What is the path of least resistance to propagate the data layout to Relay? A ConvertLayout Relay pass to NHWC by @anijain2305 would be redundant and insert layout_transform ops.

masahi · March 29, 2023, 9:08pm

Right, NHWC input layout for PT frontend is not supported. It would indeed be a nice feature to have and I actually worked exactly on that before (in a private repo, unfortunately).

Wheest · April 18, 2024, 8:45am

This is something I’ve also been looking at.

It seems that PyTorch’s ONNX export doesn’t respect model.to(memory_format=torch.channels_last), so exports to NCHW also.

I was looking at the layout transformation passes in the TVM side, which I think would be done offline if the whole model is converted, and the appropriate optimization passes are applied after the conversion.

However, as far as I can see you need to be explicit about which ops you want to transform the layout of.
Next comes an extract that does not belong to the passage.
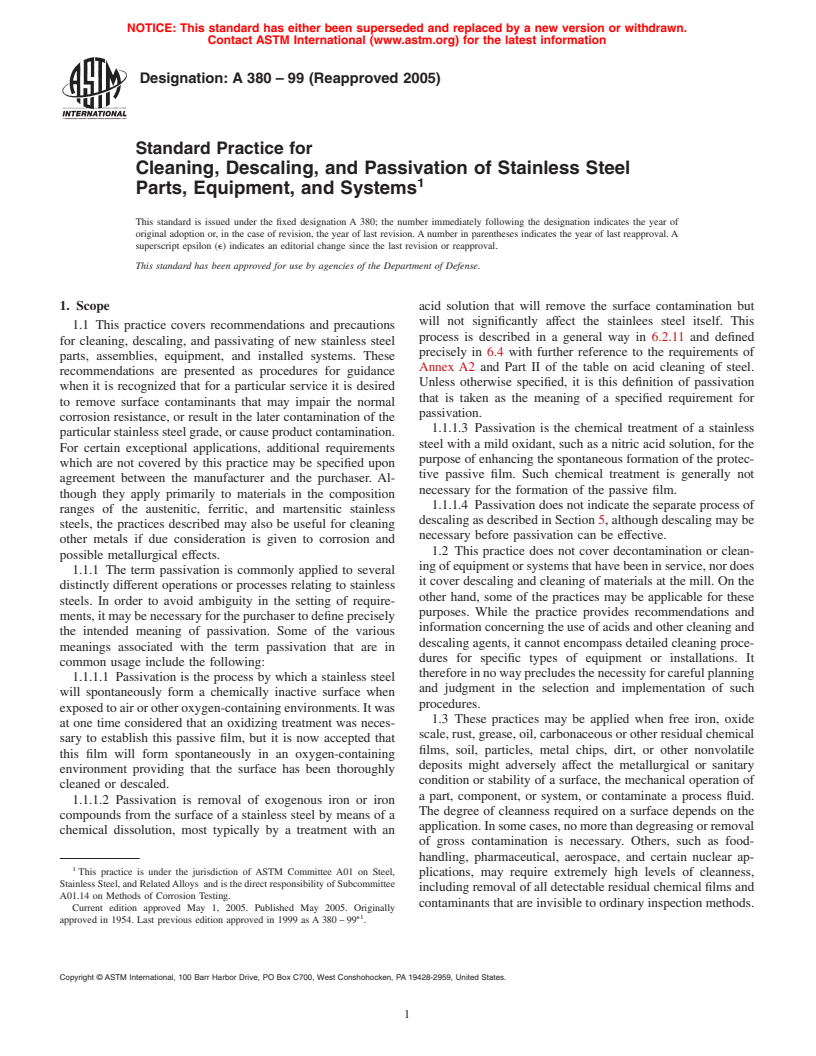 ASTM A380-99(2005) - Standard Practice for Cleaning, Descaling, and Passivation of Stainless Steel Parts, Equipment, and Systems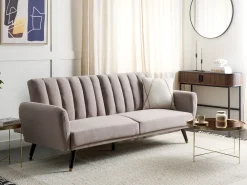 Divano letto 3 posti VIMMERBY Tessuto Marrone chiaro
As this post discusses, and as the convert layout docs show, we need to be explicit about nn.conv2d, nn.dense, etc.

As far as I can see there isn’t a single convert_layout(mod, "NHWC") function which does “best effort” conversion of all ops in a model.
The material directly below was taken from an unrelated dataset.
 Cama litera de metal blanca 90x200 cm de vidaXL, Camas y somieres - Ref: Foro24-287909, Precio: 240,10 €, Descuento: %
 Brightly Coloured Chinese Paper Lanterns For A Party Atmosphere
AQSingh · May 8, 2024, 12:32am

Agreed. Just as an update, I was never able to get memory_format=torch.channels_last respected by TVM (it wasn’t even respected by torch.jit.trace on the model, so there was no mechanism to propagate to TVM). I eventually decided to write a custom Relay pass after initial ingestion that inserted relay.transpose ops and changed the Relay parameters of the relevant ops (nn.conv2d, nn.dense, etc.) I found this was actually more performant than using the layout_transform ops. The layout_transform pass also didn’t seem to work for all ops so I figured hand-writing my own pass was the best approach.

Wheest · May 8, 2024, 11:09am

Ah great, does that keep the number of transformations performed at execution time low?

Is this pass you’ve considered trying to upstream?

AQSingh · May 15, 2024, 9:02pm

Not sure where these kinds of Relay passes would fit into TVM source. If you have a candidate for such a location, please let me know and I can file a PR.